# Where can I get/buy good plain dirt?



## Lisa Anne (Jul 30, 2011)

I am putting together a bigger indoor enclosure for Gordo and Twich for when they can't be outside. They are in a concrete mixing tub right now. I went shopping at the Goodwill and I might have overbought: 7.5 feet long, 34 inches wide and 16 inches deep. I SWEAR it wasn't that big at the store! I have rearranged my living room, set up a platform so they are not on the floor and am going to start putting it together tomorrow. I have used EcoEarth from Amazon in the other indoor enclosures but I am not looking forward to rehydrating all those bricks to fill up this monster. It took five bricks to do the 3x3 for Davy and Goliath (formerly known as Click and Clack). I went to Lowe's today and looked at the bagged garden soils but even the one that they said was "just dirt" had cow manure mixed in and my husband would never forgive me if the house smells like a pasture.

I went to Craig's list for some "clean" fill for the outdoor enclosure and boy was I disappointed. I did use it as the base but the garden soil I displaced when I set the cinder blocks was much nicer and that is what I put on top.

Any suggestions for where I can get/buy plain old dirt?


----------



## ascott (Jul 30, 2011)

Hi...you can locate a rock yard in your area....most times they have a variety of dirt/top soil/fill dirt, etc. to choose from....tell the person at the yard what you are using the dirt for and request the best draining, not sandy, etc. 
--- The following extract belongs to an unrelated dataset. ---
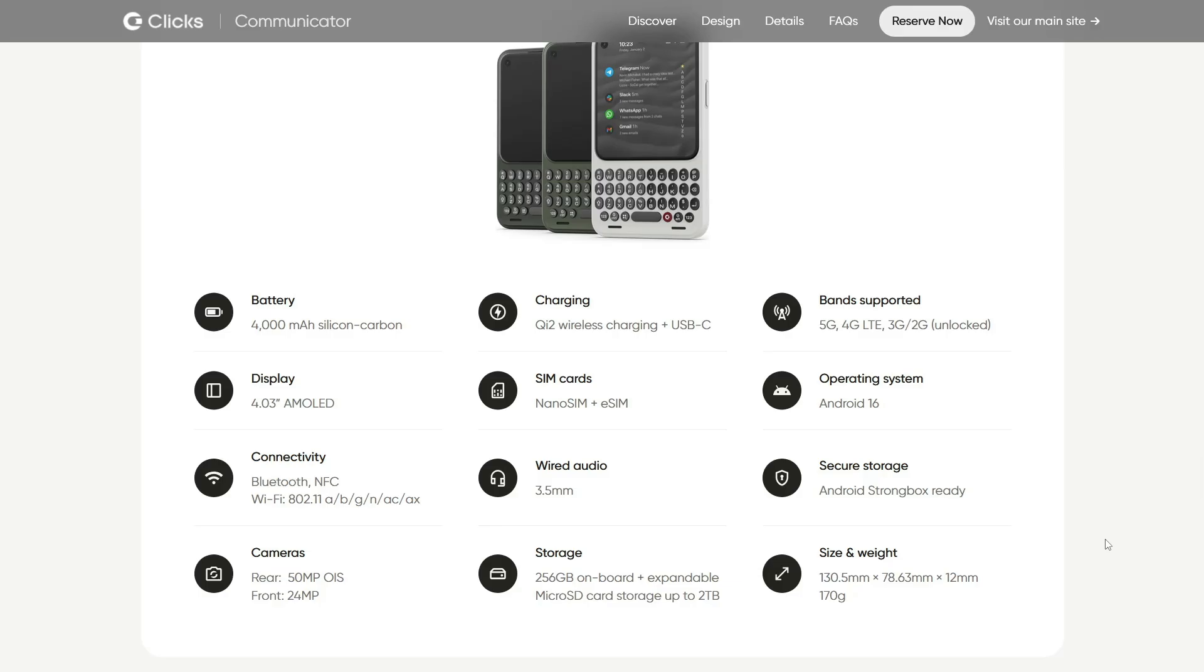And of course, in case you didn't notice, it has an interchangeable back cover, so you can style it your own way. It's interesting how styling is once again a thing. Valve did that with the Steam Machine, and now Clicks is doing that with the Clicks Communicator, and I'm wondering what's gonna be next.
I live in the high desert and Graham Rock Yard is the best here in the high desert...I am sure you will find a good one near you as well....

good luck


----------



## dmmj (Jul 30, 2011)

construction sites often have dirt, I don't know how clean it is. Freecycle(dot)com may have dirt also.


----------



## wrmitchell22 (Jul 30, 2011)

I just buy the organic potting soil, it doesn't smell like anything


----------



## Maggie Cummings (Jul 30, 2011)

It's called top soil and you can get bags of it at the big box stores...


----------



## Angi (Jul 30, 2011)

I heard a reptile vet lecture and he was saying how bad sand was. Someone asked what kind of dirt was best and he said beseball infield dirt. Not sure where you would get it and I bet it is expensive but I thought it was interesting.


----------



## kansasturtle (Jul 31, 2011)

The composted dirt with manure does NOT smell like a farm! It smells like fresh Earth-great stuff. I buy it all the time. Composted dirt is loomy with no weeds, very dark in color. Buy 1 bag & open it. If you like it go back & get a half dozen more. I think you'll be surprised.


----------



## wrmitchell22 (Jul 31, 2011)

All of the dirt and mulch in my new outdoor enclosure says composted organic, and it honeslty doesn't smell


----------



## Lisa Anne (Jul 31, 2011)

Thank you for all the suggestions. I called one gravel company and they do not do dirt ad Angel Stadium would probably not let me dig up the infield.  

I am going to try the composted dirt. I will pick up a bag tomorrow and start setting up.


----------



## yagyujubei (Aug 1, 2011)

If you buy bags of top soil , read the ingredients. Most are a mixture of peat and sand.


----------